College admissions are hard times for every student and parent, who can afford it. We live in a country that has 799 universities and 39,701 colleges which makes it difficult to fish out the best institution. However, to ease the process, we have different organisations who survey these colleges and universities and rank them accordingly. These organisations include those powered by the government, like NIRF or NAAC, as well as private media houses like India Today or The Week. However, the credibility of such organisations (and surveys) have often been called into question.
Rankings are supposed to guide students to make an informed choice about their next steps in education, but the non-transparency of these organisations make the blind faith in ranking an unintelligent decision.
The National Assessment and Accreditation Council (NAAC) is one of the oldest organisations that grades colleges on the basis of the number of faculty members, the number of research journals in the library, the number of international journals published by the institute and so forth. It is an autonomous body funded by the UGC and the Government of India making it one of the most credible sources of information.

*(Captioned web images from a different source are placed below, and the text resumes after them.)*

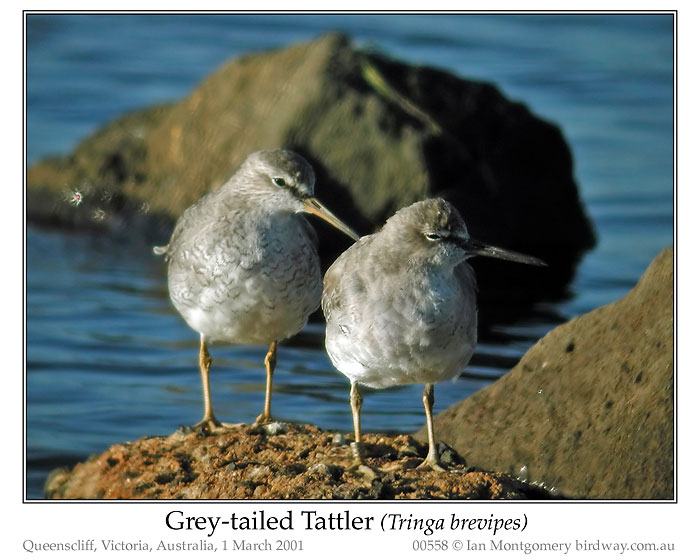 Photo of Tattler grey_tailed_tattler_00558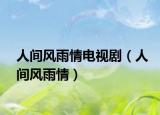 人间风雨情电视剧（人间风雨情）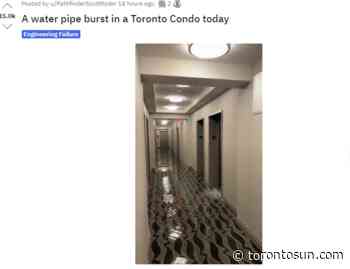 Burst pipe in Toronto condo building 'catastrophic failure' - Toronto Sun
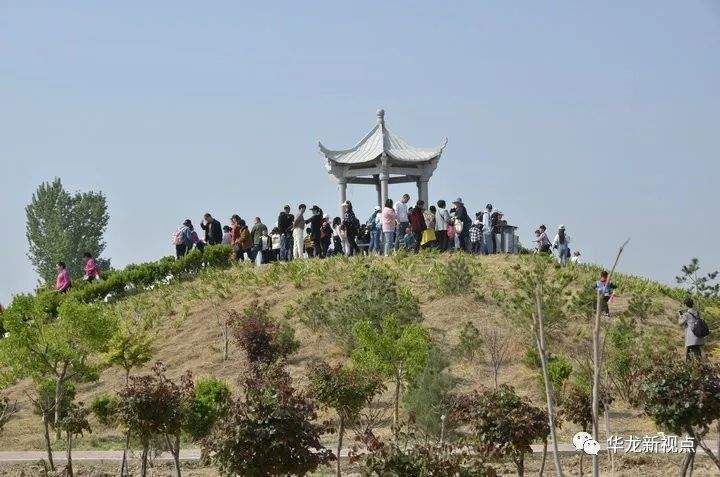 第二届中国濮阳（华龙）牡丹文化节暨第三届油菜花节盛大开幕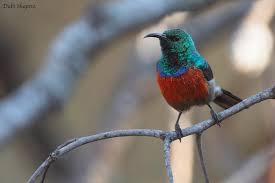 Image result for Cincinnobotrys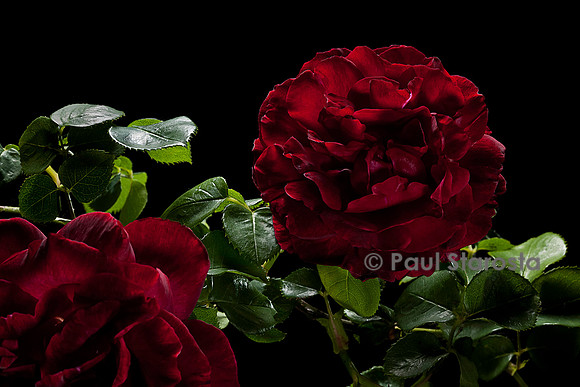 Rosa X damascena ‘Thor’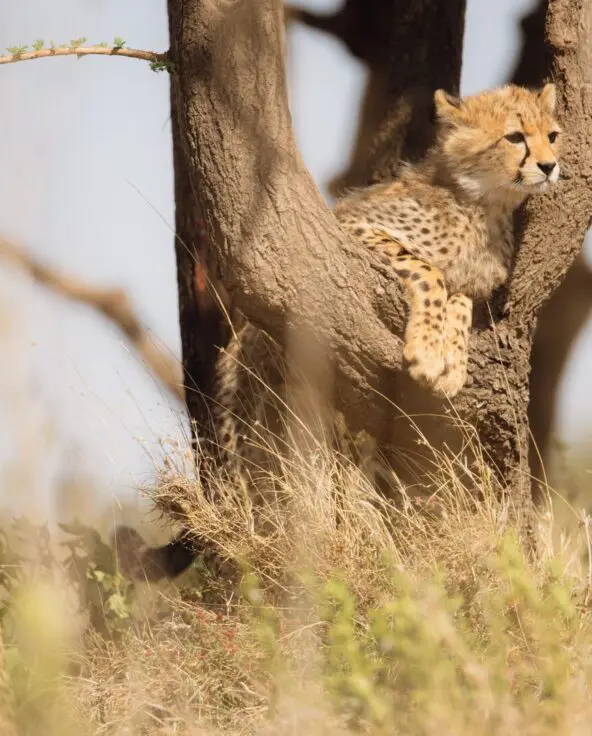 Two cheetah cubs in tall grass, one perched in a tree fork and another sitting nearby, both alert and scanning the surrounding plains.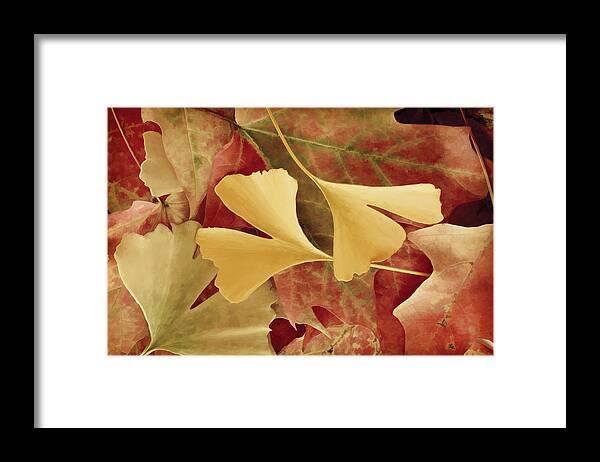 Autumn Framed Print featuring the photograph Autumn Yellow by Joye Ardyn Durham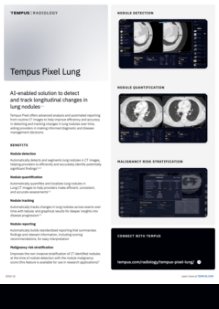 Tempus Pixel Lung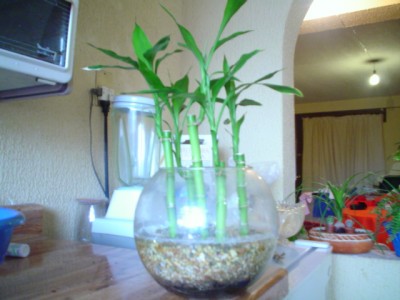 normal_Dsc00019.jpg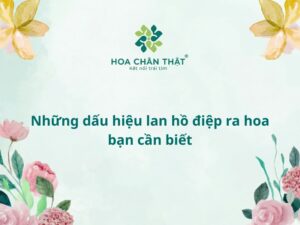 Dấu hiệu lan hồ điệp ra hoa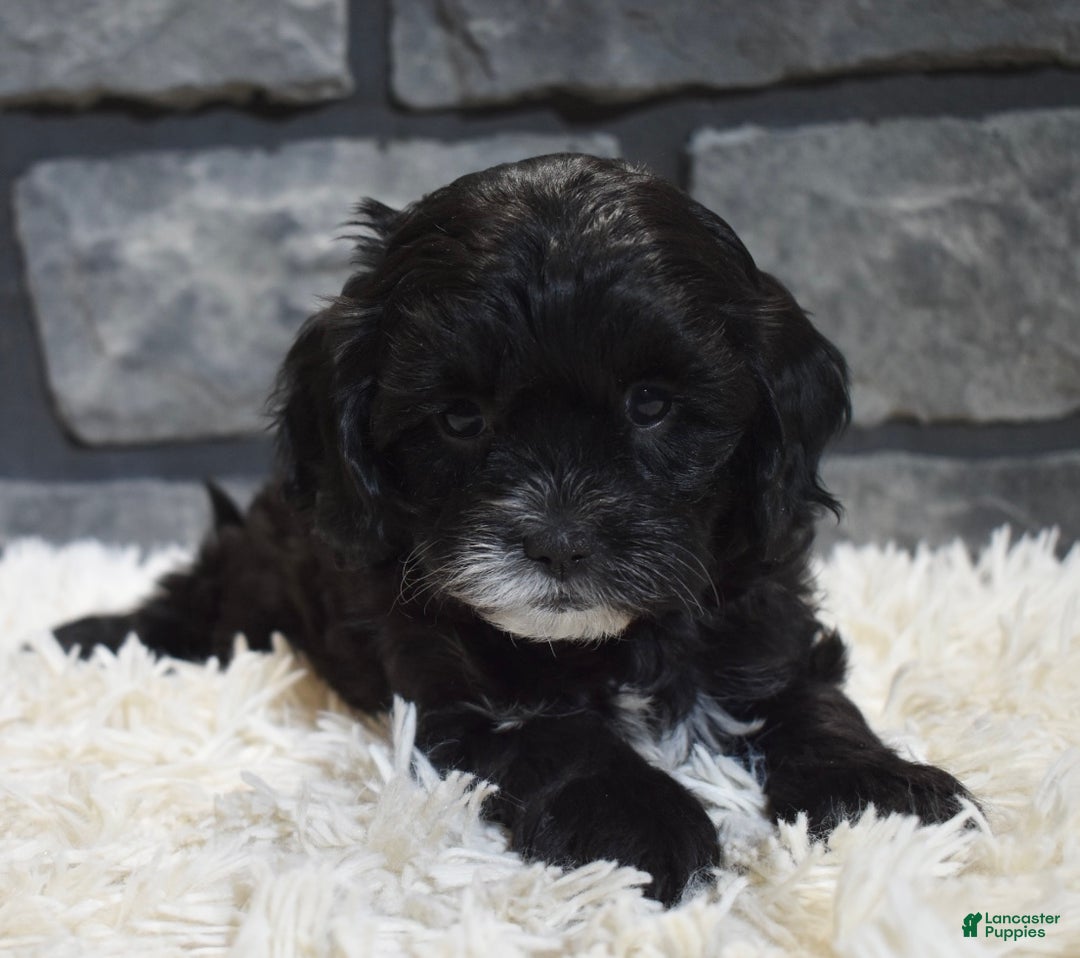 Cavapoo dogs for sale: Sage - Ad 5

However, the lack of transparency within the system that ranks these institutions had made NAAC revise its accreditation policy. According to a report in The Hindu last year, “instead of the earlier process which was completely done on-site by a group of assessors, there will now be two stages of assessment, of which 70% will be done off-site at NAAC.” It was thought that this would reduce the human element and make the process more objective.
Although, 70% off site assessment also means that ground level research would be reduced to a minimum and most of it would depend on the reports submitted by various colleges. Even though fake reports are supposed to meet with punitive punishments, the background checking of these reports is still a vague process.
To counter the problems with NAAC and to “galvanise Indian institutions towards a competitive environment” MHRDC came up with a new ranking framework NIRF. When the first list was out in the year 2016, it was put under severe scrutiny. There are four primary parameters used to decide these rankings and each is given a different value. While these may suffice at a cursory glance, a thorough look may bring forward the problems attached to such parameters. There are parameters like ‘Outreach and Inclusivity’ under which the percentage of socially and economically backward students and the facilities for the differently abled students are considered but their weightage in comparison to parameters like ‘Graduation Outcomes’ is always less. One of the parameters includes ‘Teaching, Learning and Resource’, under which sub-parameters like, ‘Student-Faculty Ratio’, the number of students enrolled are also considered but there are no subparameters that are based on ground level social research or surveys to define the quality of faculty or their regular presence in the institution.
The problem with rankings is that they have a huge impact on the decision that we make and thus their improvement and innovation in the choice of parameters are much-needed. We need to make sure more colleges participate in the survey and are given a fair platform to perform. However, we can’t ignore that there are several loopholes in the ranking process initiated by the government let alone the private organisations.
The basic thing to understand is that the ranking of a college does not define its quality of education. You may get into the rank 1 institution and later realise that some other institution has a better department of the subject you want or most clubs and societies here in the rank 1 college are dormant and many other. Finding a good college is difficult, so it is better you do your research while choosing one. Find out about the institution by tapping into your sources, try contacting a senior or put a question on Quora, you may just receive a more comprehensive answer to your question than a ranking chart can ever provide you with.
The idea of a good institution is subjective and changes from one student to another. None of the ranking methodologies presents you with the quality of sports in the college, the amiable atmosphere, the active/dormant status of its societies or other extra-curricular activities which helps in personality development.
The whole point being that flawed rankings should not determine one of the most important decisions of your life.